By Eleanor O’Neill
Financial expertise and top business acumen are the most obvious requirements for a good CFO. But what else makes up the mark of a quality financial executive?
Roles at all levels across businesses are expanding to be cross-sectional and incorporate wider skill-sets and backgrounds. The position of CFO is no exception, with high-quality leadership skills and an altogether more rounded breadth of experience.
An assertive and confident CFO is able to drive a business toward favouring strategies with a strong financial underpinning, therefore having a direct impact on executive decision-making.
Rather than just advising the CEO, the CFO should be regarded as an equal business partner and trusted authority on data-driven action planning. The ability to positively influence others and push initiatives is essential in filling this role.

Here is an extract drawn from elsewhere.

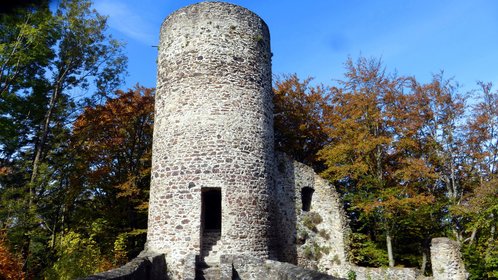 Blick auf die Burgruine Lichtenegg im Hintergrund sieht man den Wald im Herbst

A wide and varied perspective on the impact of commercial directives, client expectations and market influences will ensure a good knowledge base from which to draw financial insight.
Detailed understanding in a range of functions and roles can add context and build an appreciation of stakeholder priorities. This can also be aided by a broad education in business skills through, for example, the combination of the CA qualification and an MBA.
Soft skills in communication, presentation and workplace relations build credibility within an organisation and help CFOs engage effectively with internal and external influencers.
Effective communication skills are imperative in justifying difficult actions, such as cutbacks. A steady level of respect and self-confidence, rooted in a good reputation, will also make it easier to stand by those tough decisions under pressure.
The digital revolution is causing disruption in every industry and a good CFO is expected to be flexible and responsive to these changes, as well as informed on potential threats to their business.
An understanding of big data and actionable analysis, both financial and otherwise, is in high demand for organisations looking to stay ahead of the curve.
Dedication to continued professional development and a willingness to accommodate innovative practices – like cloud-based resource planning systems – displays a desire to lead in the business and overall sector. Similarly, advocating the introduction of new talent to an organisation is good future-proofing practice.
Succession planning and career coaching will not only raise a CFO’s reputation within a business but will likely also improve team performance as professional growth is encouraged.
Mentoring and developing the skills within a team will help keep that talent under the umbrella of your organisation for longer and put in place a good infrastructure for the future.